Lawmakers Ask Feds to Allow Wisconsin Revise Phosphorus Standards
Wisconsin Ag Connection - 05/18/2017
Dozens of members of the state legislature are asking Wisconsin's congressional delegation to find a way to revise the state's phosphorus standards because they feel the rules are too strict and difficult to comply with. Sen. Howard Marklein of Spring Green says
he circulated a letter to the state's federal leaders in Washington after small municipalities in his district complained that it was 'unreasonable' to meet phosphorus standards without making extreme renovations to wastewater treatment facilities.
Marklein says the financial burden of these renovations, distributed among small populations, will be devastating to small rural communities.
"We have done all we can at the state level to manage the impact of unreasonable phosphorus regulations on our small communities," Marklein said. "We need our Congressional delegation to find a way for us to revise the standards that we set for ourselves as
part of the federal Clean Water Act."
Meanwhile, a group of environmental and conservation groups responded to that letter, saying they were 'extremely disappointed' to hear that elected officials want to 'reverse and undermine' efforts that have helped clean up the state's rivers, lakes, and streams
through Wisconsin's last major phosphorus revisions back in 2010.
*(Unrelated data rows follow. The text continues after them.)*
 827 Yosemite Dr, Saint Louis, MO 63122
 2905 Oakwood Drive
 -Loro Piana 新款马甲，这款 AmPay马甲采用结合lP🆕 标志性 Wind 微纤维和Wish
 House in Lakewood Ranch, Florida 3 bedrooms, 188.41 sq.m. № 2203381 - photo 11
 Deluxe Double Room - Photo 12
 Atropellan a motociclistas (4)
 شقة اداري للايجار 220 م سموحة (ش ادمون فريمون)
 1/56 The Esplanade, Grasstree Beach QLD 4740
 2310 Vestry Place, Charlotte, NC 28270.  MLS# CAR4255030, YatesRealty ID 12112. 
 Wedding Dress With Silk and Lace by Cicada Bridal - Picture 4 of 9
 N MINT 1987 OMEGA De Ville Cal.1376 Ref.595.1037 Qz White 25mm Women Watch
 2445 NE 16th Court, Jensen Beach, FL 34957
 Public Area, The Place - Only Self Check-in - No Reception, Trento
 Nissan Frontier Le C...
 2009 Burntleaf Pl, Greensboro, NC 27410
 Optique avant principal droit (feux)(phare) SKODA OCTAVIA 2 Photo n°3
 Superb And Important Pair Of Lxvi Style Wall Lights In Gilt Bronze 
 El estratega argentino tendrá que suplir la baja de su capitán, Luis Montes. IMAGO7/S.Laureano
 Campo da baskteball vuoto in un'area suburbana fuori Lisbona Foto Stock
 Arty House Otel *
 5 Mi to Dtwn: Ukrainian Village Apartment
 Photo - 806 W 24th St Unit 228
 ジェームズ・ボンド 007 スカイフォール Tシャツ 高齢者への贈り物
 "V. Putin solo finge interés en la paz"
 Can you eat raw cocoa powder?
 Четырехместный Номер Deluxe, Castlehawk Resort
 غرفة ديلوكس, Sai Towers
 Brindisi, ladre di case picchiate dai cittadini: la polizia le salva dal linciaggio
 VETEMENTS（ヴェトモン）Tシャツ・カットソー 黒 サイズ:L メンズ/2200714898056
"We are particularly concerned about the dismissal of the extensive science that went into the development of these protections and the lack of attention the letter paid to the creative and innovative ways the US EPA and the Wisconsin DNR provided to point
sources to comply with the rules," the conservation groups said in their own memo to the same lawmakers.
They claim the DNR conducted a cost-benefit analysis on the implementation of the phosphorus rules in 2012, which found a net economic benefit to the state of over $18 million upon full implementation of the standards.